Woppaburra people celebrate sea country agreement

Published: 04/07/2014

Woppaburra Traditional Owners will celebrate their third Traditional Use of Marine Resources Agreement at a festival on North Keppel Island, off Yeppoon, tomorrow (5 July 2014).

Their new agreement runs for 10 years, making it the longest such agreement to be accredited by the Great Barrier Reef Marine Park Authority and the Queensland Government.

It covers a 561 square kilometre offshore area that includes the Keppel islands, off Yeppoon, and outlines a formal process for how Woppaburra people will manage their sea country and their traditional use of marine resources.

Great Barrier Reef Marine Park Authority Chairman Russell Reichelt said the voluntary agreement recognised the valuable relationship between Woppaburra people and the Australian and Queensland governments.

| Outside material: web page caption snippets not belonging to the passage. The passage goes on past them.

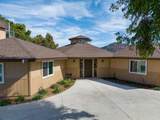 2916 Anaheim Street - Photo 4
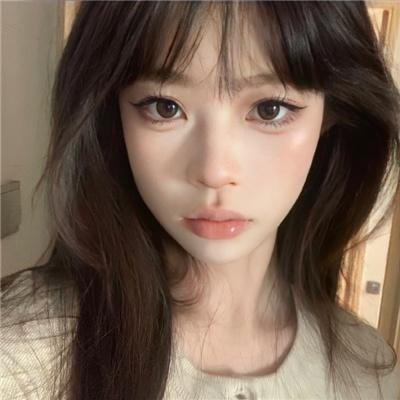 好莱坞,我爱你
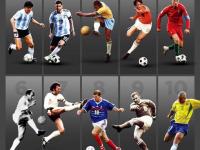 切尔西VS诺丁汉森林直播_切尔西VS诺丁汉森林免费在线高清直播_切尔西VS诺丁汉森林视频在线观看无插件英超｜切尔西主场战诺丁汉森林，延续火热状态？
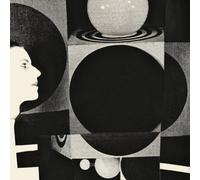 Vanishing Twin The Age of Immunology (CD) Album (Importación USA)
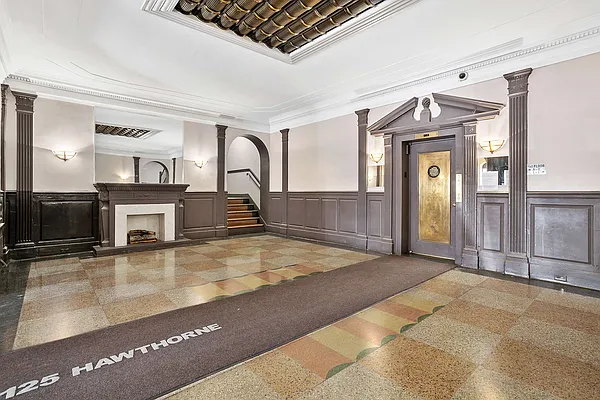 Sold by Compass | media 2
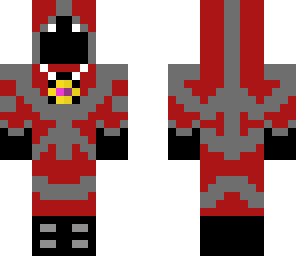 zakorureth 3
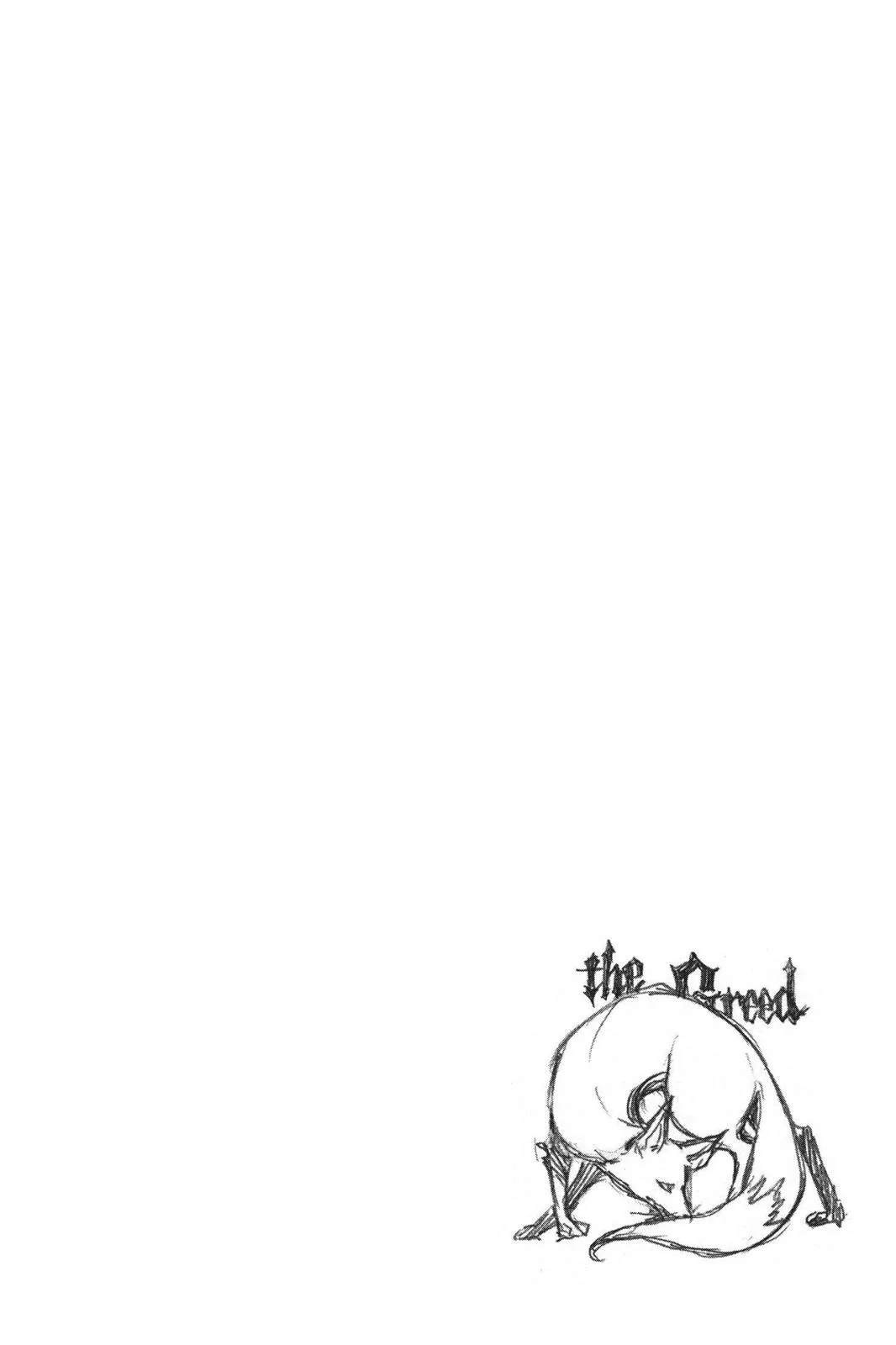 Bleach - Chapter 343 - Page 18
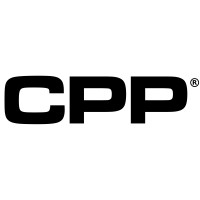 CPP-LM Ltd logo - Similar company to Chaloner Group
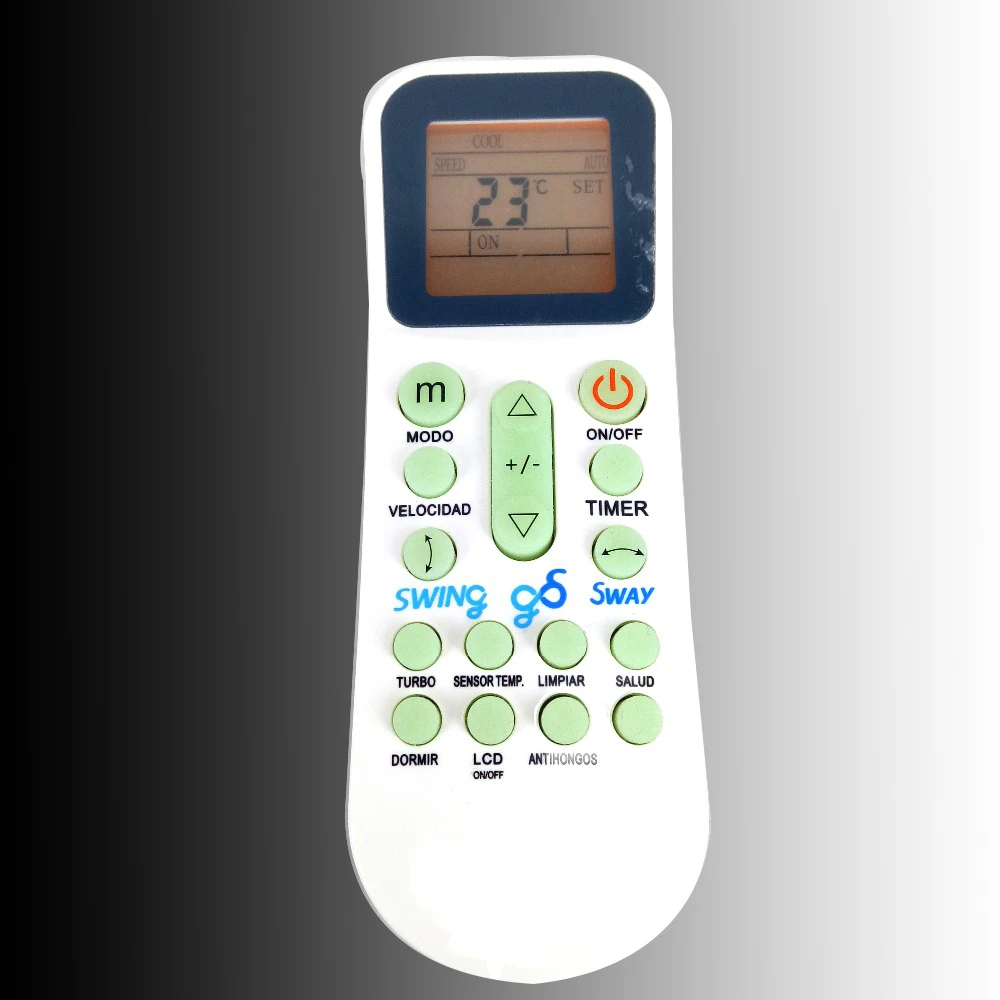 HTB1vlooX43IL1JjSZPfq6ArUVXaV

“It ensures Woppaburra people are actively involved in managing their sea country in partnership with the Australian and Queensland governments,” he said.

“It also ensures management agencies acknowledge the traditional lores and customs Woppaburra people maintain through their continued connection, use and care for their sea country areas.”

Under the agreement the Woppaburra people have demonstrated the importance of sustainably managing their traditional marine resources and have limited the take of culturally important species such as turtle and dugong.

In line with this, the Woppaburra people have declared a moratorium on the take of dugong for the life of this

Environment Minister Greg Hunt congratulated the Woppaburra Traditional Owners on their new agreement.

“The Woppaburra people should be congratulated for their work towards ensuring the protection of turtle and dugongs, alongside valuable cultural conservation practices on the Great Barrier Reef,” he said.

Dr Reichelt said the Woppaburra people established their first Traditional Use of Marine Resources Agreement in 2007, and were one of the first Traditional Owner groups along the Great Barrier Reef coast to do so.

There are seven Traditional Use of Marine Resources Agreements and one Indigenous Land Use Agreement now in operation along the Great Barrier Reef coast. They cover a total of 45,207 square kilometres of sea country and involve 16 Traditional Owner groups.

The Woppaburra agreement is being implemented with support from the Australian Government’s Land and Sea Country Indigenous Partnerships Program, administered by the Great Barrier Reef Marine Park Authority.